In your copy, drop the images and return each record exactly as it stands.

- **Data**:

╔══

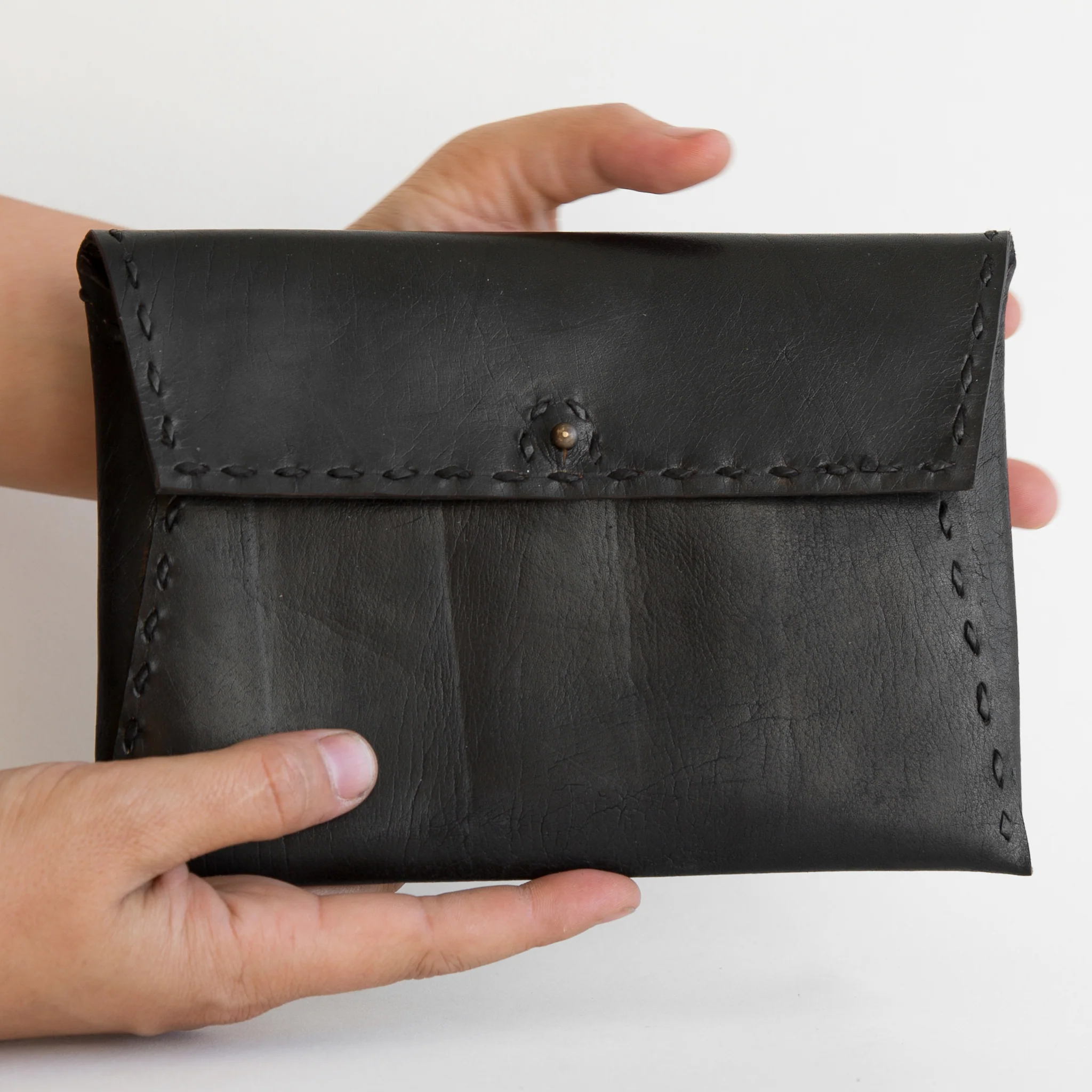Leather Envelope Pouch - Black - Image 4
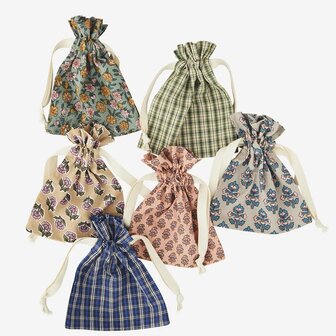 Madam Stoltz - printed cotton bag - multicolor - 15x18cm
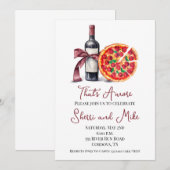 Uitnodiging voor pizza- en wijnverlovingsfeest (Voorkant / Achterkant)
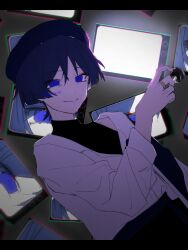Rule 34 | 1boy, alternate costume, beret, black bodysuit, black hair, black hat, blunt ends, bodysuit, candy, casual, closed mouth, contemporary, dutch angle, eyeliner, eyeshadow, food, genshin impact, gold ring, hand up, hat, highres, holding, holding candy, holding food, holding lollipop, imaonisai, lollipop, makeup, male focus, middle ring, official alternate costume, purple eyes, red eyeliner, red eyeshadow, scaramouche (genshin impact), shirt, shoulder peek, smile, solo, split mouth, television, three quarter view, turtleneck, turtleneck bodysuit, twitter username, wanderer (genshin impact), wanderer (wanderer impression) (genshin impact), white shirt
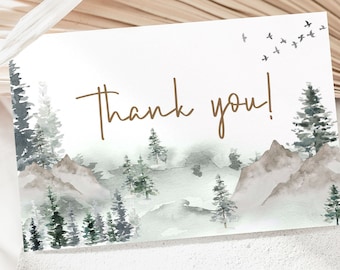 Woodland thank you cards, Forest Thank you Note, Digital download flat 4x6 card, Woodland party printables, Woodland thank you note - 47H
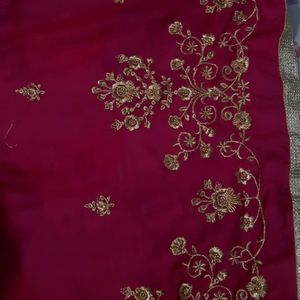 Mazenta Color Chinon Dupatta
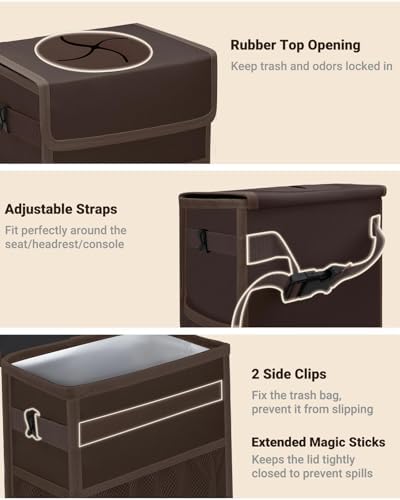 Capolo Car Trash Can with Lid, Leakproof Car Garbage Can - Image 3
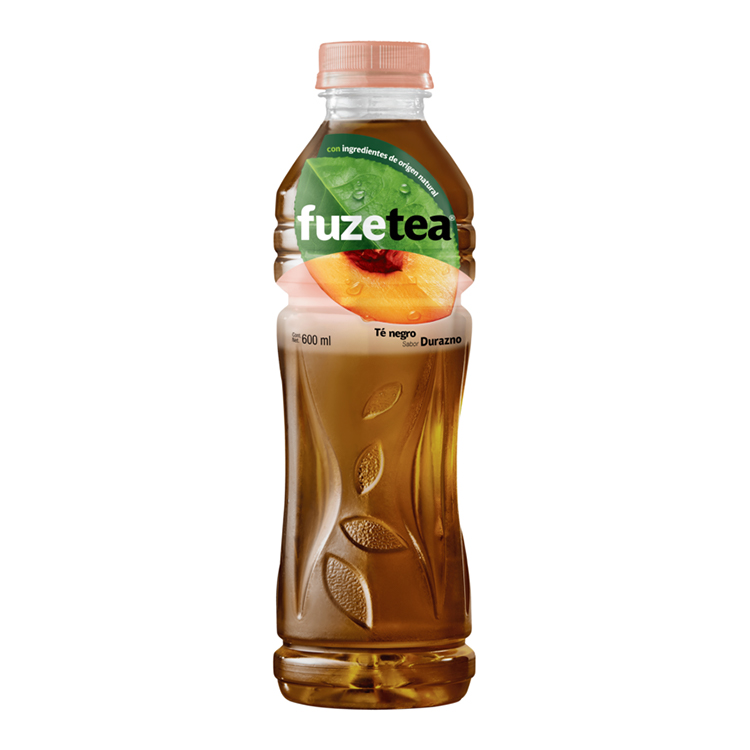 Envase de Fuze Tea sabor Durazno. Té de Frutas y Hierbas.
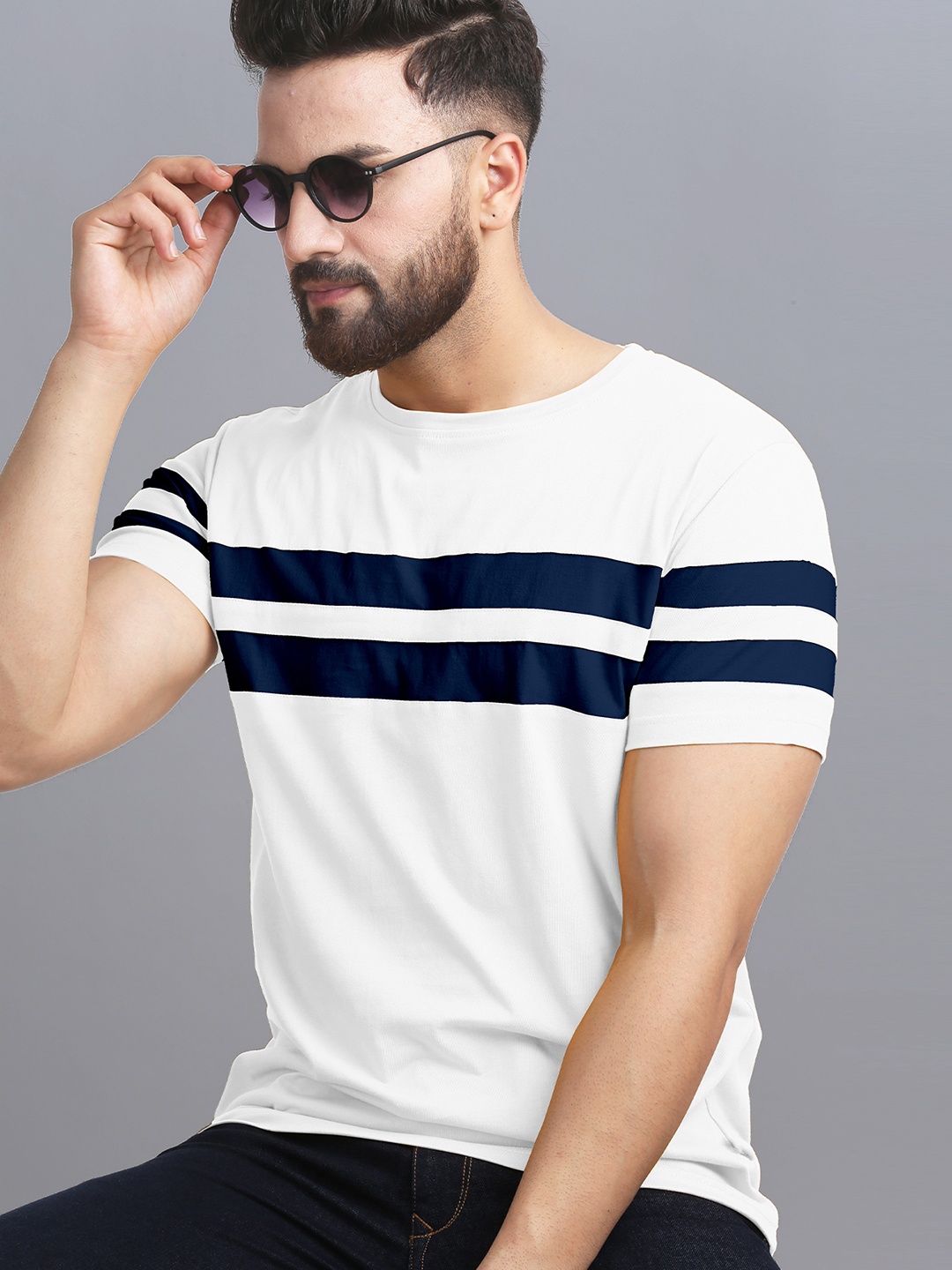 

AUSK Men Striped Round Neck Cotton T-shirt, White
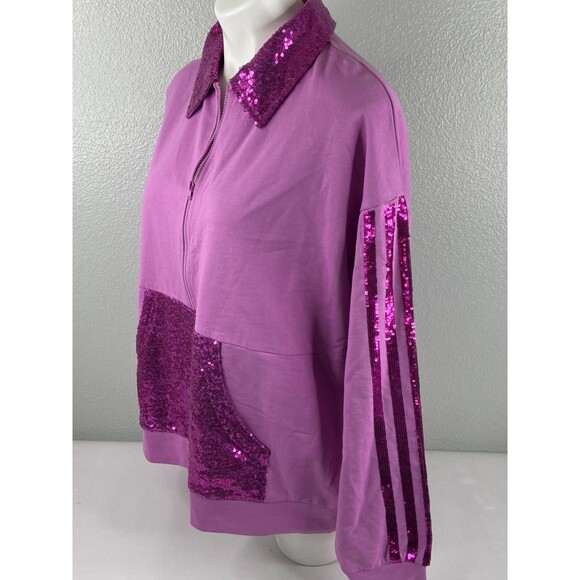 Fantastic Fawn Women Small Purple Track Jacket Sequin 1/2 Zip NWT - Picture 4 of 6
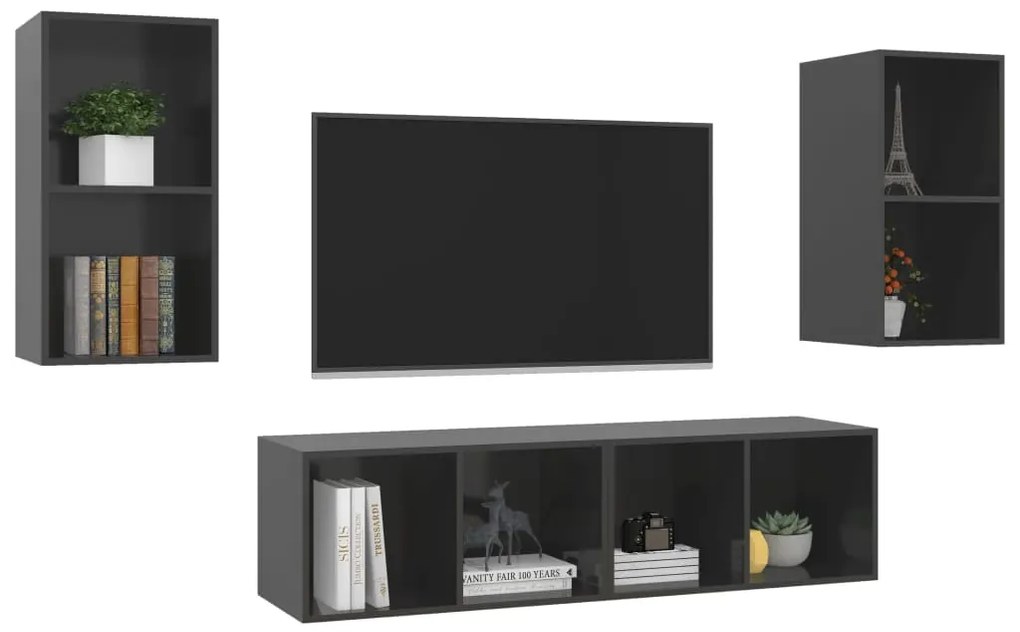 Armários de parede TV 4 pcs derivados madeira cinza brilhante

╚══

- **Finished exercise**:
Leather Envelope Pouch - Black - Image 4
 Madam Stoltz - printed cotton bag - multicolor - 15x18cm
 Uitnodiging voor pizza- en wijnverlovingsfeest (Voorkant / Achterkant)
Rule 34 | 1boy, alternate costume, beret, black bodysuit, black hair, black hat, blunt ends, bodysuit, candy, casual, closed mouth, contemporary, dutch angle, eyeliner, eyeshadow, food, genshin impact, gold ring, hand up, hat, highres, holding, holding candy, holding food, holding lollipop, imaonisai, lollipop, makeup, male focus, middle ring, official alternate costume, purple eyes, red eyeliner, red eyeshadow, scaramouche (genshin impact), shirt, shoulder peek, smile, solo, split mouth, television, three quarter view, turtleneck, turtleneck bodysuit, twitter username, wanderer (genshin impact), wanderer (wanderer impression) (genshin impact), white shirt
 Woodland thank you cards, Forest Thank you Note, Digital download flat 4x6 card, Woodland party printables, Woodland thank you note - 47H
 Mazenta Color Chinon Dupatta
 Capolo Car Trash Can with Lid, Leakproof Car Garbage Can - Image 3
 Envase de Fuze Tea sabor Durazno. Té de Frutas y Hierbas.

AUSK Men Striped Round Neck Cotton T-shirt, White
 Fantastic Fawn Women Small Purple Track Jacket Sequin 1/2 Zip NWT - Picture 4 of 6
 Armários de parede TV 4 pcs derivados madeira cinza brilhante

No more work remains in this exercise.